La question de l’opérabilité et du stockage au sol des dirigeables de grandes dimensions est en effet l’un des principaux enjeux.
Cependant, il est primordial de garder à l’esprit que de tels aéronefs ont déjà volé des années durant sans occasionner d’accidents (par exemple le Graf Zeppelin, aussi grand que le fameux Hindenburg, qui a effectué 150 traversées de l’Atlantique, durant 12 ans d’exploitation !)
Et il faut aussi bien comprendre que les industriels disposent de technologies permettant :
1) de développer des aéronefs bien plus robustes,
2) de développer des aéronefs disposant de puissances embarquées très supérieures,
3) de prendre en compte la sécurité dès les premières phases de design,
4) d’anticiper les aléas météorologiques.

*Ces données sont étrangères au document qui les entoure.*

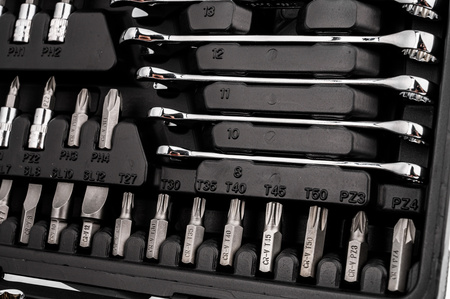 Zestaw narzędziowy klucze płaskooczkowe nasadowe wkrętaki bity 1/4" 3/8" 82el ISMA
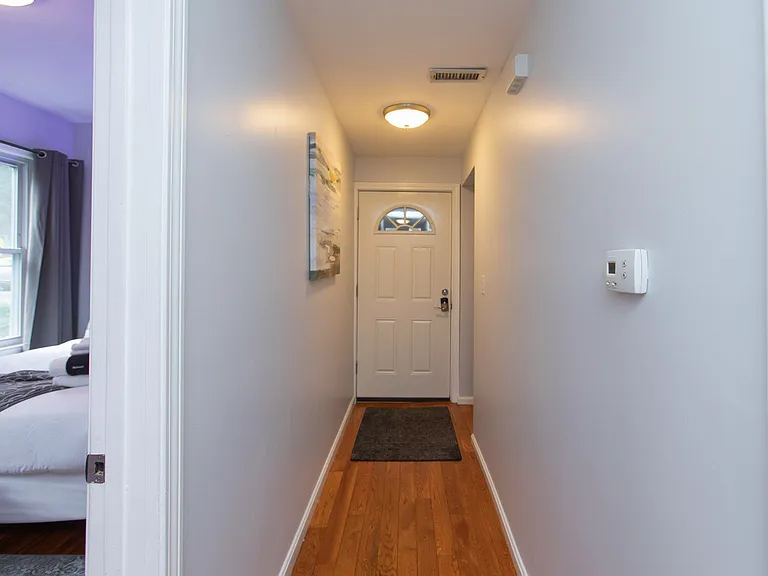 ENTRY HALLWAY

Enfin, les hangars restent aujourd’hui la meilleure solution pour stocker ces aéronefs, même si la dépendance à de tels équipements n’est pas acceptable vis à vis de certains concepts opérationnels. D’autres solutions sont à l’études afin de s’exempter au maximum de ces infrastructures lourdes et coûteuses.
Amicalement,
Thibault
pyrignis
Sachant que les projets militaires sont probablement les seuls à pouvoir financer de tels projet, je me posais la question de savoir si un dirigeable agissant comme une base mobile pour drones était une option envisageable. En effet sait-on actuellement ravitailler un dirigeable en vol? Les chiffres avancées par Airbus pour le A400M font état d’une capacité de ravitaillement à 200 km/h ce qui semble trop élevée. Un amarrage de eux deux dirigeables est-il envisageable?
Thibault PROUX
Bonjour Pyrignis.
Comme à votre habitude, de très bonnes questions !
Le concept du dirigeable (autonome) utilisé comme base mobile pour des drones existe déjà, sans qu’il n’ait, à ma connaissance, jamais dépassé le stade de l’idée. MBDA par exemple avait émis l’idée d’utiliser une plateforme autonome de type “dirigeable catamaran” comme appui aérien aux forces terrestres par le largage de missiles. Une belle vidéo qui explique le concept : https://www.youtube.com/watch?v=wAlMPEn7-9A
Pour le ravitaillement en vol d’un dirigeable, évidemment la vitesse est un problème. Mais le ravitaillement est-il réellement nécessaire ? Les dirigeables ne sont pas de gros consommateurs d’énergie et peuvent en outre coupler plusieurs sources (solaire, thermique, pile à combustible…)
Pour l’amarrage de deux dirigeables en vol, cela semble techniquement peu complexe, mais je n’en vois pas l’intérêt. En outre, le transfert de charges en vol (du kérosène par exemple) peut être problématique à un maintien stable de l’amarrage.
Au plaisir d’échanger avec vous,
Thibault
ARPA
Concernant l’amarrage de deux (ou plus) dirigeables ensemble, à mon avis le principal avantage serait de « doubler » (ou plus) la charge utile du dirigeable plutôt que de permettre un ravitaillement en vol. Exceptionnellement, il pouvait arriver (avant que les MI26 soient utilisables) que plusieurs hélicoptères soient utilisées pour soulever (et déplacer sur de très courte distance) une très grosse charge qu’un hélicoptère seul ne pourrait pas soulever. Pour les dirigeables si l’amarrage est « relativement » facile cela permettrait d’augmenter la charge utile et donc l’intérêt opérationnel du dirigeable. Cela permettrait d’envisager une « série » de « petits » dirigeables qui seront suffisants pour les charges classiques et qui pourront être regroupés s’il faut transporter une charge exceptionnelle.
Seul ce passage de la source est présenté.